_EXERCISE_
Pictures should be left out while the data beneath this task is written out word for word.

[Captioned web image data]
Segment Open

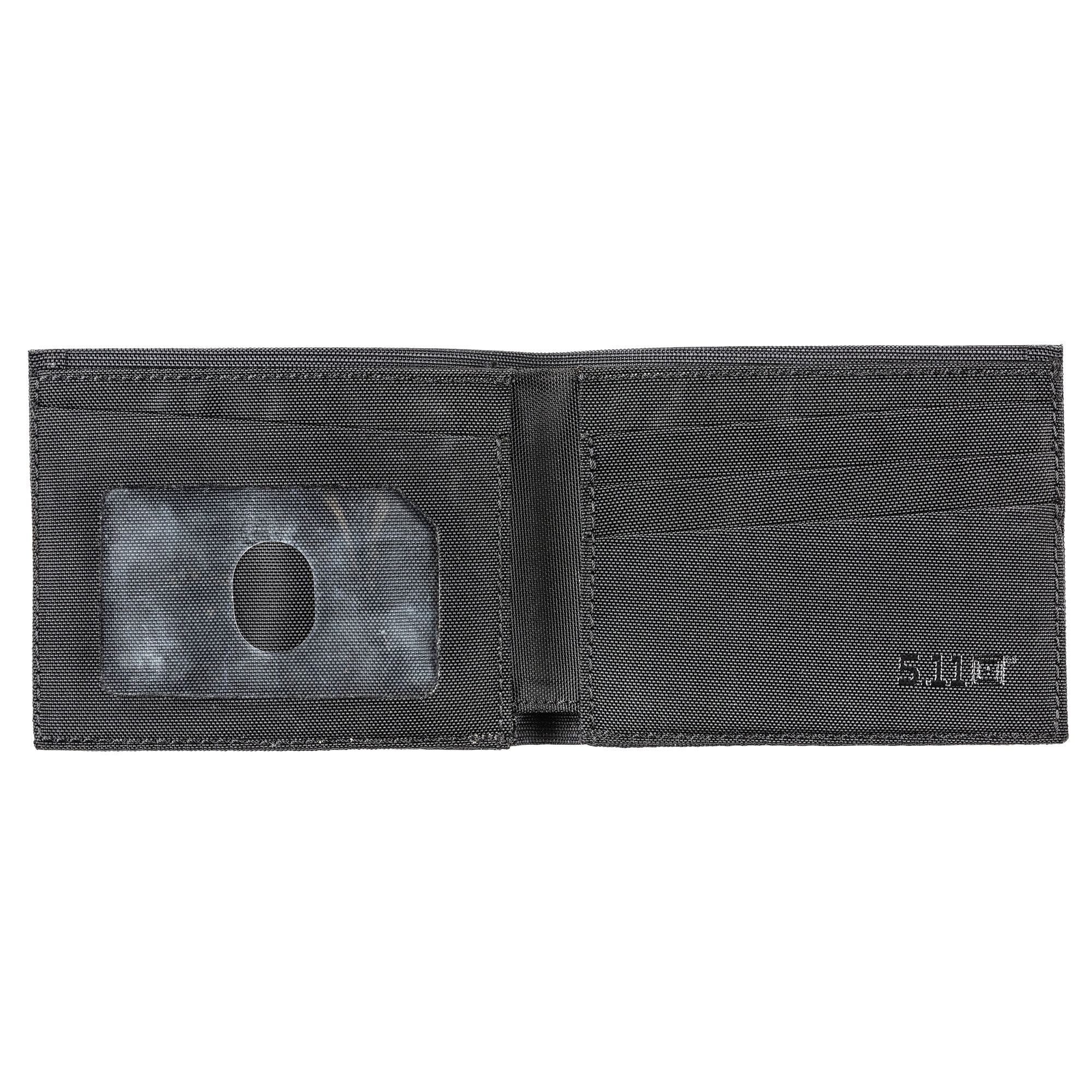 Ronin Wallet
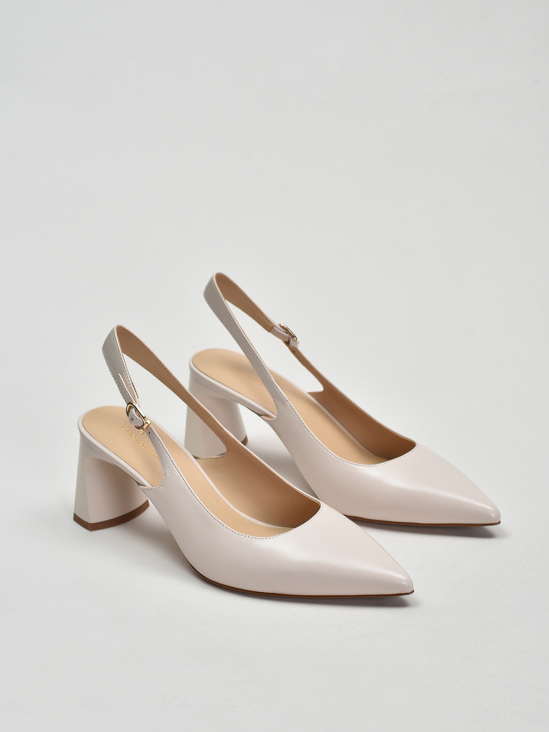 Слингбэки Vitto Rossi VS000093846 в Украине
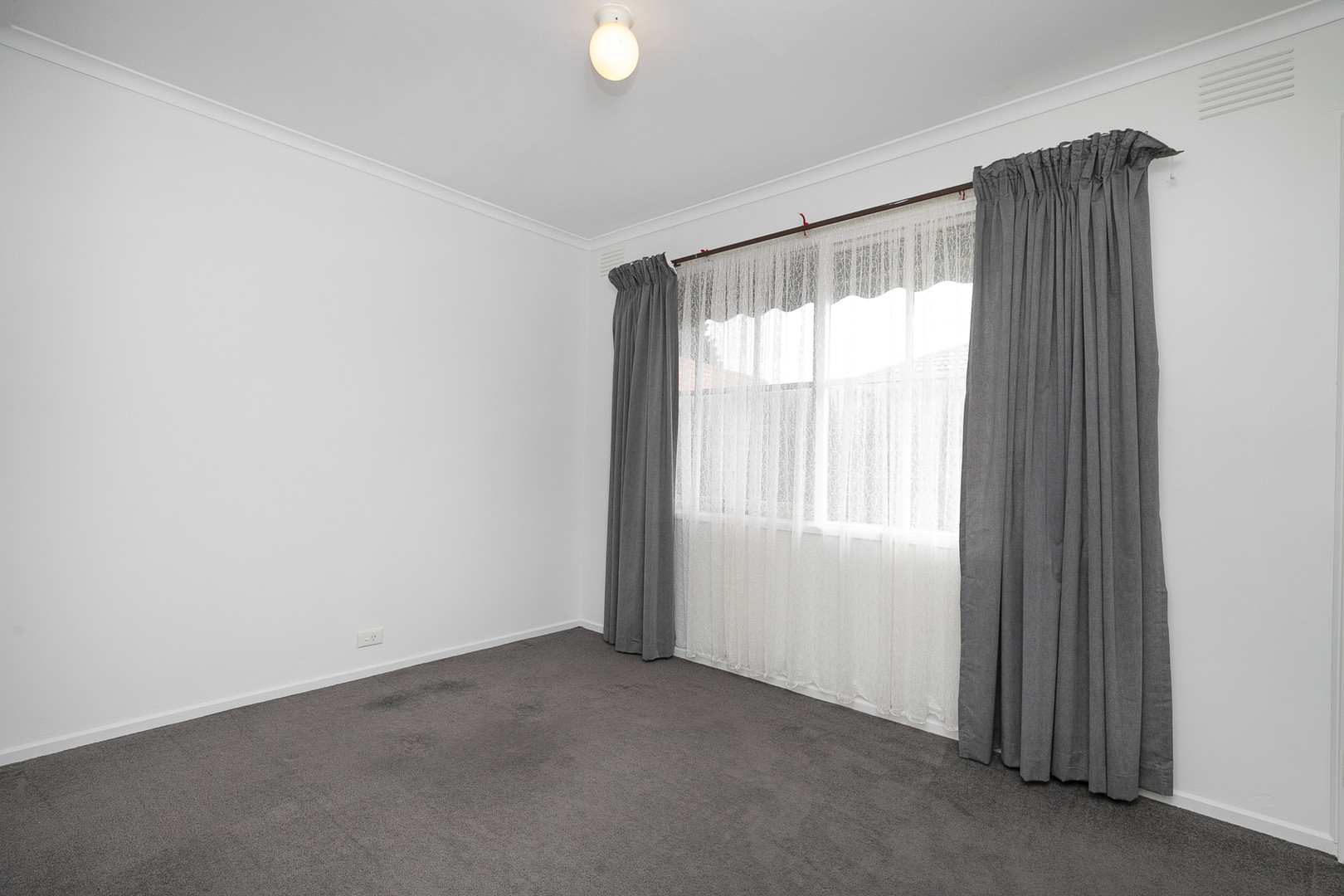 16 Valewood Drive, Kealba, VIC 3021, Kealba - Thumbnail 8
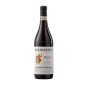 Barbaresco Riserva Montefico DOCG 2019 - Produttori del Barbaresco Barbaresco Riserva Montefico DOCG 2019 - Produttori del Barbaresco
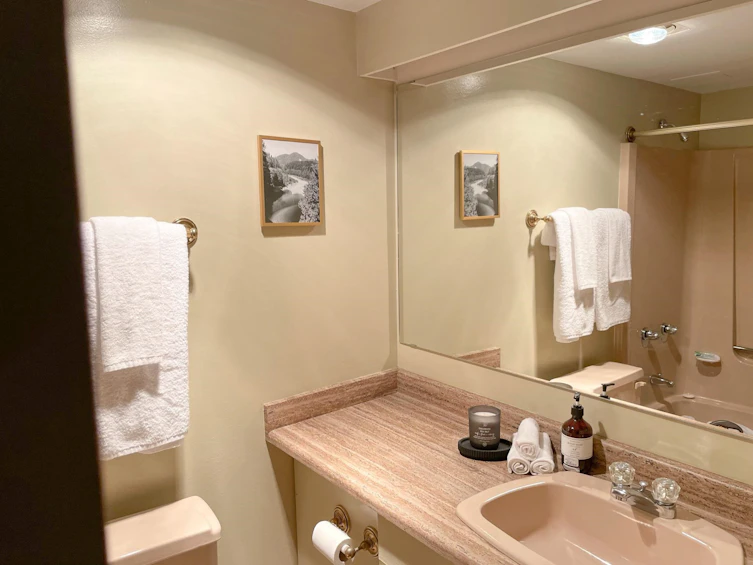 404A-21000 Enzian Way, Mission, BC, V0M 1A1 - 14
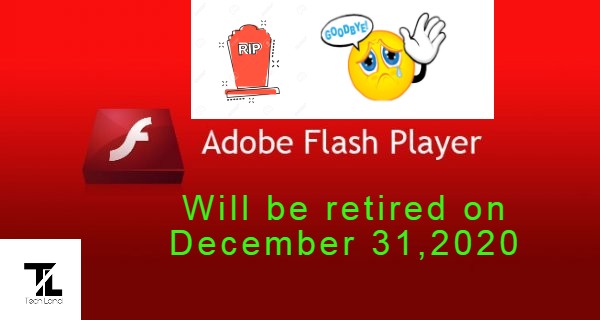 adobe flash player 2021 mac download adobe flash player 2021 mac download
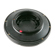 Fotodiox WonderPana 145 System: Picture 2 thumbnail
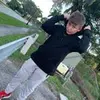 danrfey - @danrfey5 - TikTok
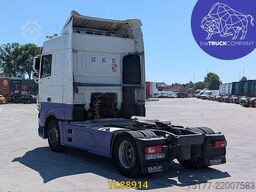 DAF XF 480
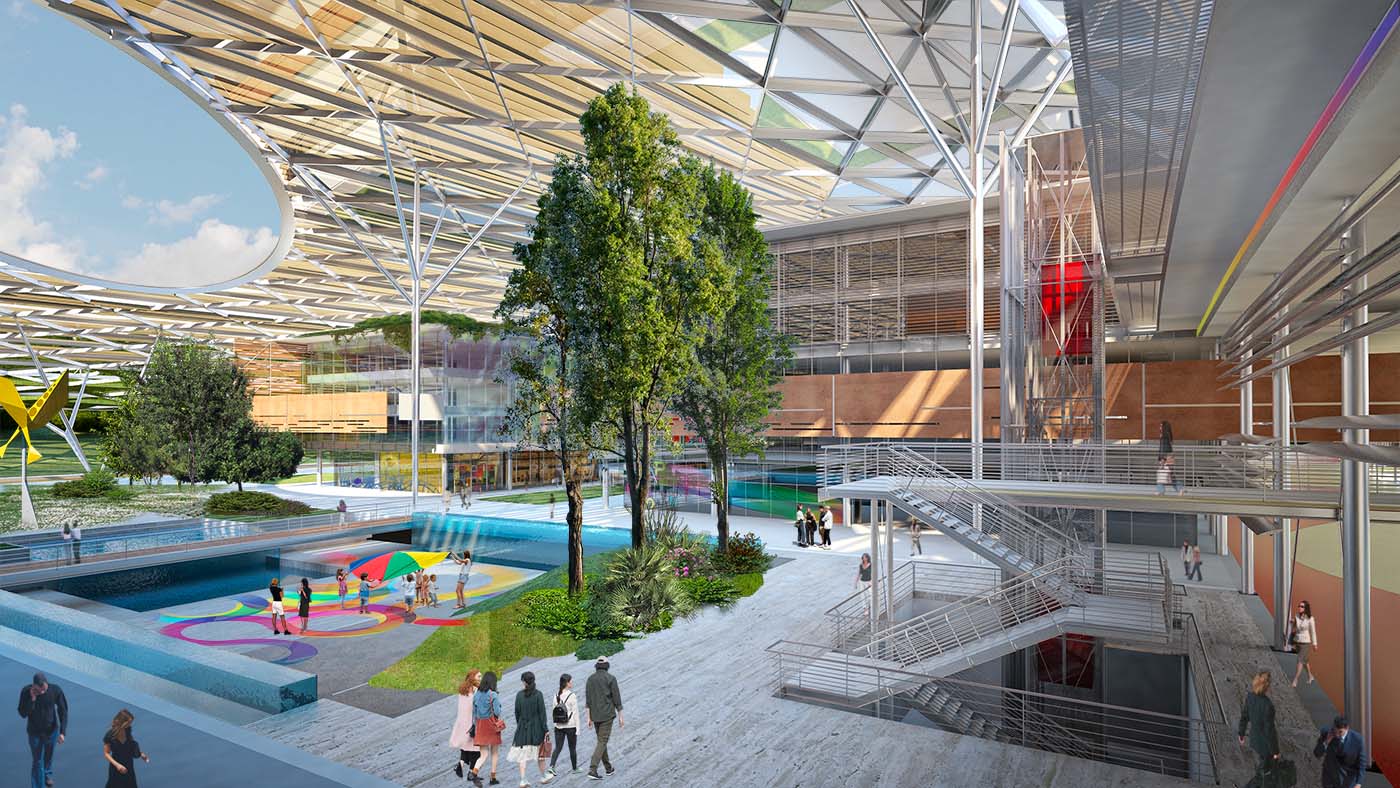 eco-city-20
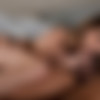 [Hustler.com][17.11.22] Kyler Quinn - Crazy Fucking Teen Maids - XXX - iMAGESET - IMNoob thumb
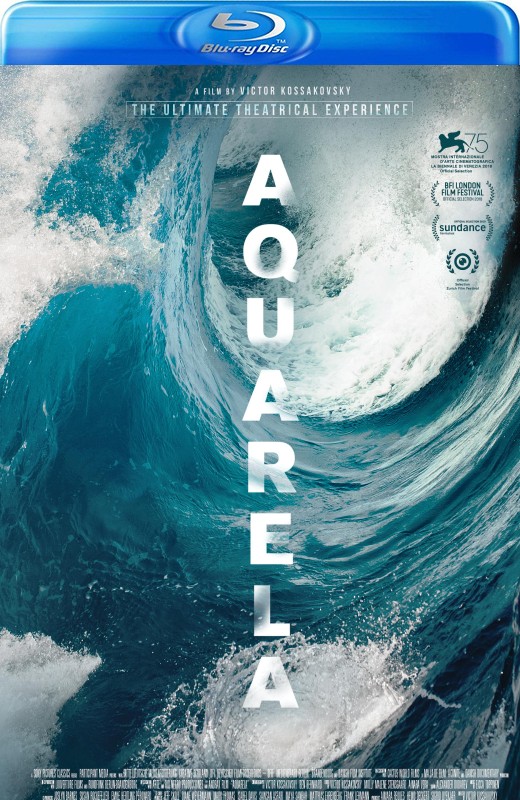 水墨[2018][美版原盘][俄语][中文字幕][28.27GB]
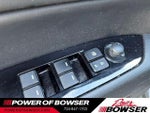 2024 CX-5 Thumbnail 13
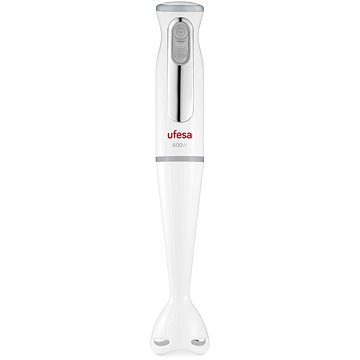 

Ufesa Vital BP3441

Segment Closed

_EXPECTED OUTPUT_
 Ronin Wallet
 Слингбэки Vitto Rossi VS000093846 в Украине
 16 Valewood Drive, Kealba, VIC 3021, Kealba - Thumbnail 8
 Barbaresco Riserva Montefico DOCG 2019 - Produttori del Barbaresco Barbaresco Riserva Montefico DOCG 2019 - Produttori del Barbaresco
 404A-21000 Enzian Way, Mission, BC, V0M 1A1 - 14
 adobe flash player 2021 mac download adobe flash player 2021 mac download
 Fotodiox WonderPana 145 System: Picture 2 thumbnail
 danrfey - @danrfey5 - TikTok
 DAF XF 480
 eco-city-20
 [Hustler.com][17.11.22] Kyler Quinn - Crazy Fucking Teen Maids - XXX - iMAGESET - IMNoob thumb
 水墨[2018][美版原盘][俄语][中文字幕][28.27GB]
 2024 CX-5 Thumbnail 13

Ufesa Vital BP3441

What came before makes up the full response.